Directions
In the records below, find the line with "Bathroom with a" and the line with "Slide: The Image"; return exactly those lines and every line between them.

Material supplied
--- START ---

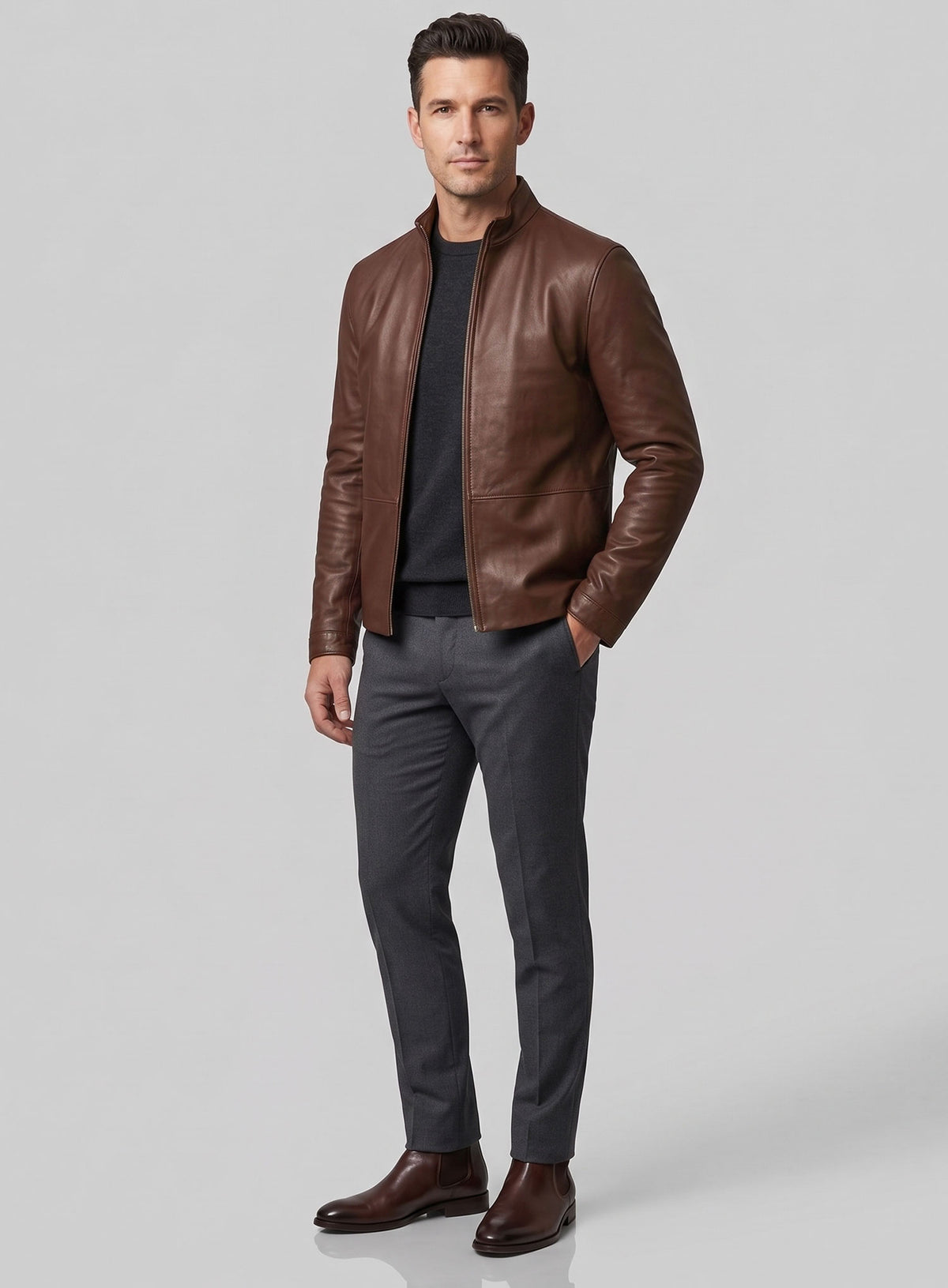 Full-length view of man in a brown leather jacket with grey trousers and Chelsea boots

--- END ---
--- START ---

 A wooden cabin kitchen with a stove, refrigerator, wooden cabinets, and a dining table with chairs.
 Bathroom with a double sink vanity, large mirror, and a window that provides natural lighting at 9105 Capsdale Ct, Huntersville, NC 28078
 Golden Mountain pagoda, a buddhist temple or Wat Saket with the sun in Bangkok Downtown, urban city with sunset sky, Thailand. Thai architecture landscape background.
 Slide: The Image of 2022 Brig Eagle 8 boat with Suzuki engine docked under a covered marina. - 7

--- END ---

Response area
 Bathroom with a double sink vanity, large mirror, and a window that provides natural lighting at 9105 Capsdale Ct, Huntersville, NC 28078
 Golden Mountain pagoda, a buddhist temple or Wat Saket with the sun in Bangkok Downtown, urban city with sunset sky, Thailand. Thai architecture landscape background.
 Slide: The Image of 2022 Brig Eagle 8 boat with Suzuki engine docked under a covered marina. - 7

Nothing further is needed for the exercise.